Behind the walls in the I-90 tunnel
Apr 29, 2015, 3:30 PM | Updated: May 1, 2015, 11:19 pm

Drivers will not see much work going on during the I-90 closure this weekend because it's all being done inside the Mount Baker and Mercer Island tunnels. (成人X站 Radio/Chris Sullivan)
(成人X站 Radio/Chris Sullivan)
Drivers on I-90 will once again be squeezed into the Express Lanes this weekend for another round of construction work.
And once again, drivers will not see much work going on because it’s all being done inside the Mount Baker and Mercer Island tunnels.
Once in the Mount Baker Tunnel’s dark and noisy ventilation shafts, you realize there’s almost as much room behind the tunnel walls as there is inside. It’s like a maze of dark hallways and giant chambers.
Here you find massive fans used to ventilate the tunnels and remove any bad air or smoke. Those fans are being upgraded to handle the new HOV lanes inside the tunnels and to support future light rail trains. But the only access to the ventilation rooms is from the shoulders.
Project engineer Zak Griffith said that’s why crews have to close the lanes.
“We’ll have a semi-truck parked in the roadway and it will be loading that stuff through the wall here, through the air duct and into this room,” he said. “There’s really no room for vehicles to go through when you’re doing that.”

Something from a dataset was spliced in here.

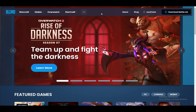Hey guys, what is going on? I hope you're all doing well and I hope you're having an amazing day, and welcome to another tutorial. What I will be explaining to you guys in this tutorial is how you can redeem a code that you have gotten for battle.net or on blizzard.com. It's basically the same thing, so let's get right into it.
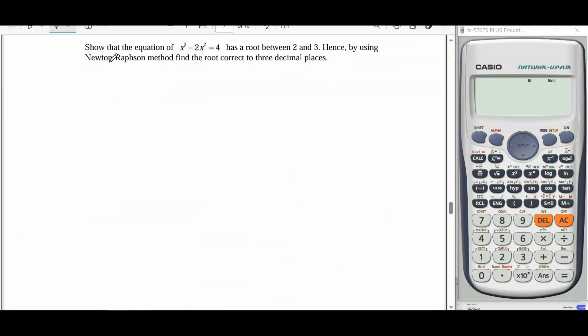Hi everyone. For this question, it said: show that the equation x cubed minus 2x squared equals 4 has a root between 2 and 3. Hence, by using the Newton-Raphson method, find the roots correct to 3 decimal places. Our first task is showing this equation has a root between 2 and 3.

While the fans are being upgraded, workers are also retrofitting more than 1,800 tunnel lights.
“A bunch of trucks up there [will be] taking them down, opening them up,” Griffith said. “They’ll be working on them. They’ll be re-hanging them. There’s a lot of work associated with that, but you won’t see that during the weekend because it’s in the tunnel.”
The 36 fire suppression systems are also being upgraded. Workers need the roadway to get to them too.
The I-90 eastbound closures start Friday night and last through Monday morning. The Rainier Avenue on-ramp to I-90 will also be closed.
This is the fourth of 30 directional closures on the I-90 bridge over the next two and a half years. The state is adding HOV lanes to the outer roadway and converting the existing Express Lanes into a light rail bridge.
Sound Transit will begin its construction in 2017.